16/11/2016 After last year’s wondering about whether autumn was hopeful, this year I decided to anticipate my reluctance at the change of seasons and try to embrace the autumn spirit in advance of its arrival. Towards the end of August I bought a newly published book, Autumn: An anthology for the changing seasons (edited by Melissa Harrison). Even admitting to myself before the end of summer that it would arrive was a big step forward for me, but I had been encouraged by a little surprise not long before: I had caught in myself a moment of rising excitement when I noticed just a hint of autumn on its way - I don’t remember whether it was a sight, smell, sound or feeling, but the reaction was instinctive and unexpected.

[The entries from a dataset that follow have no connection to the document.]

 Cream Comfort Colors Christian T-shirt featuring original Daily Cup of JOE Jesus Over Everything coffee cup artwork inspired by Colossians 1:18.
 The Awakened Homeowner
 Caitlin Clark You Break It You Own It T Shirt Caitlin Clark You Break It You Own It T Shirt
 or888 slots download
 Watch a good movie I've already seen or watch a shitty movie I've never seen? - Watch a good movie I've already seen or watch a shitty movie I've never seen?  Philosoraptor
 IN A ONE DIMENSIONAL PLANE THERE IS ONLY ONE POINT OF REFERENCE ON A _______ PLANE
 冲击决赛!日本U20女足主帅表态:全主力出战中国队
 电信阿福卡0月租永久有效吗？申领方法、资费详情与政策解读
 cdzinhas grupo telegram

The book, though I found it lacking in certain anthological respects, did a good job. Its beautiful cover design alone provided a direct line to autumn’s wonders, and I started actively to look forward to the season and to let summer go. By the time I reached the end of the book, my ambition for this year was clear - to learn to feel the way George Eliot did about autumn:

‘Is not this a true autumn day? Just the still melancholy that I love - that makes life and nature harmonise. The birds are consulting about their migrations, the trees are putting on the hectic or the pallid hues of decay, and begin to strew the ground, that one’s very footsteps may not disturb the repose of earth and air, while they give us a scent that is a perfect anodyne to the restless spirit. Delicious autumn! My very soul is wedded to it, and if I were a bird I would fly about the earth seeking the successive autumns.’
(Extract from a letter to Miss Lewis, 1st October 1841)

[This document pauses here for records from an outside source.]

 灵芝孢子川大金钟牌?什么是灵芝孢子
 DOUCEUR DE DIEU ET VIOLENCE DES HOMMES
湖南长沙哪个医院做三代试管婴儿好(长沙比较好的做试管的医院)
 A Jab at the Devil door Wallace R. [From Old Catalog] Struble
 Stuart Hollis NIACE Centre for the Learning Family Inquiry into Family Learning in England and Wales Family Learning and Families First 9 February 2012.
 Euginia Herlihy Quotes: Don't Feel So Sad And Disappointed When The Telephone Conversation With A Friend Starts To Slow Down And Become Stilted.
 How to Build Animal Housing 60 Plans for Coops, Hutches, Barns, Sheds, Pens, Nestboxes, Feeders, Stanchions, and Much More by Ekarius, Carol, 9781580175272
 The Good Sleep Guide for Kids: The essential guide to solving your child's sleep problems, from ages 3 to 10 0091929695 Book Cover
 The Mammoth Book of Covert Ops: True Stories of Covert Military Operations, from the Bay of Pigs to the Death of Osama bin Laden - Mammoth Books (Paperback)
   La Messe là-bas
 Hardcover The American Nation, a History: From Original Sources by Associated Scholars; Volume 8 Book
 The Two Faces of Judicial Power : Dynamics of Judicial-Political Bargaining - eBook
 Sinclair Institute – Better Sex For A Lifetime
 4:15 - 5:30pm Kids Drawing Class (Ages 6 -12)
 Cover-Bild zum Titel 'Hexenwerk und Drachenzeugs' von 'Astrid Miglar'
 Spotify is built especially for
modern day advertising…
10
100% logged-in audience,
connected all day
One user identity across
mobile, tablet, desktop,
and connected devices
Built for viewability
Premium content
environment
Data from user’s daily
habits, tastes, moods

On the plane home at the beginning of October after a few days in Spain, I was reading South Facing Slope, a collection of articles written for Country Life magazine by Carla Carlisle, one of the owners of Wyken Vineyards in Stanton, north Suffolk. It was an opportune time to happen upon her recollection of a 12-year-old friend’s expression of doubt, in a school English assignment, over the opinion that autumn was a decline. The reaction of the teacher reading her work was not complimentary; a demonstration, in my opinion, of the teacher’s lack of imagination, not the pupil’s. This was followed by Carla’s own corroborating adult view that autumn was a beginning, not an ending. Seeing this from her uncommon perspective of wine making, it is not a stretch to consider the harvesting of grapes as the start of the wine-making year.

Even without wine making in my calendar, it does feel like a beginning in some ways. The time to become more quietly industrious after the excitement of summer, and to feel I am in with at least a slim chance of catching up with the garden before it goes wild again in spring. And, for that matter, with the house, while substantially more hours a week can comfortably, even preferably, be spent indoors.

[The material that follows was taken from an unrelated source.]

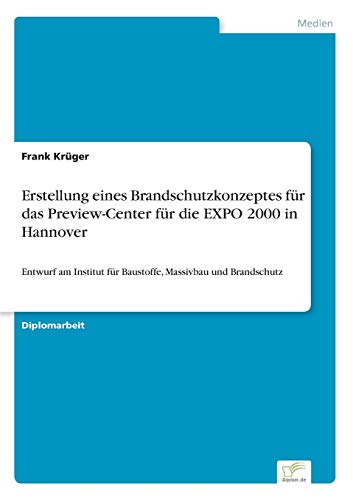 Erstellung Eines Brandschutzkonzeptes Fr das Preview-Center Fr Die Expo 2000 i [Paperback]
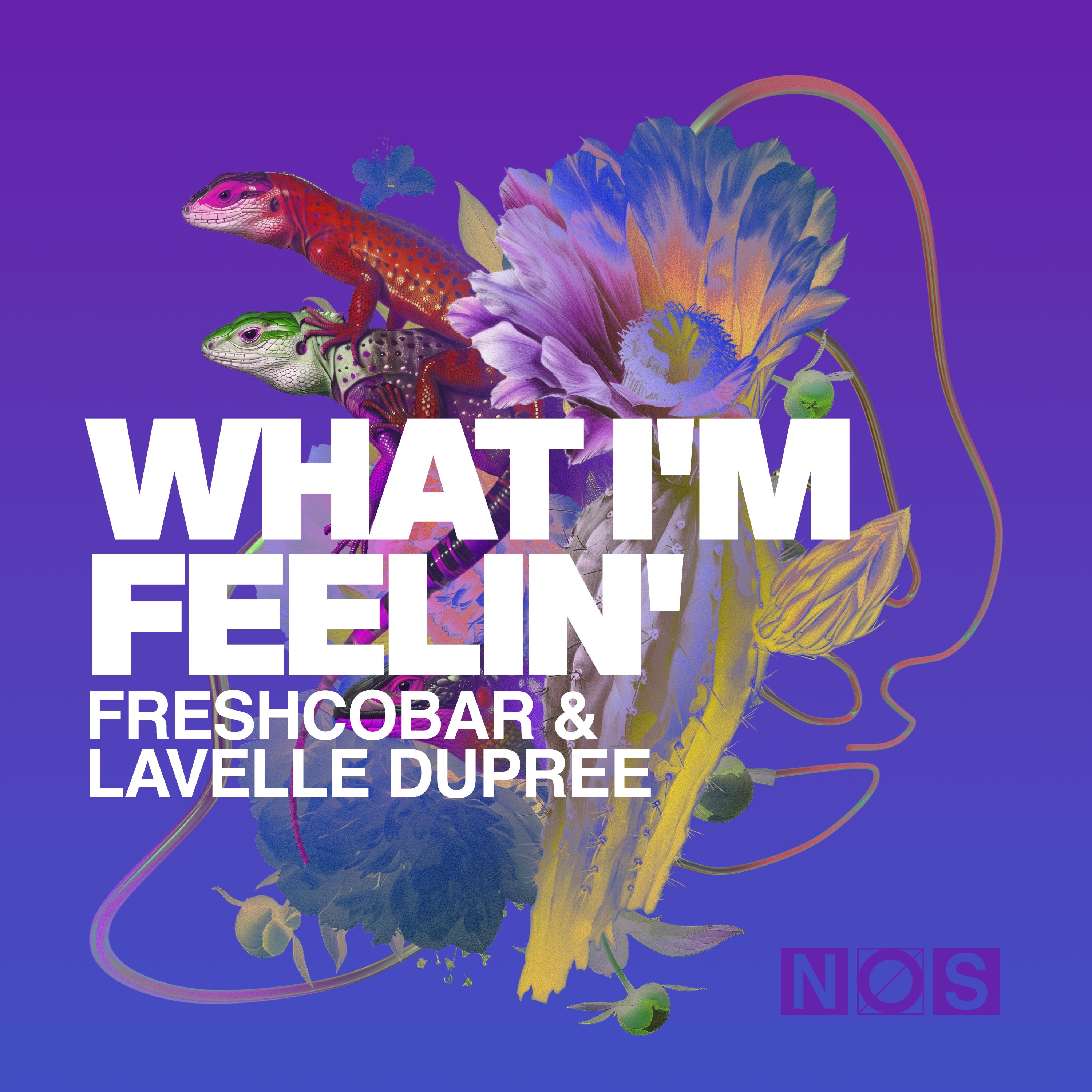 What I'm Feelin' - Single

Stepping off the plane into the mild and bright October morning was the perfect moment to make my reacquaintance with autumn. I had left behind late summer just a few days before, and returned to a new season: it was the smell and the light that defined it, more than the temperature. On my way home via a scenic route chosen spontaneously to celebrate the beauty of the day, I was surprised by a swallow. A wild flutter of joy - then yearning - then letting go… until April. Farewell, little bird who flies about the earth seeking successive springs.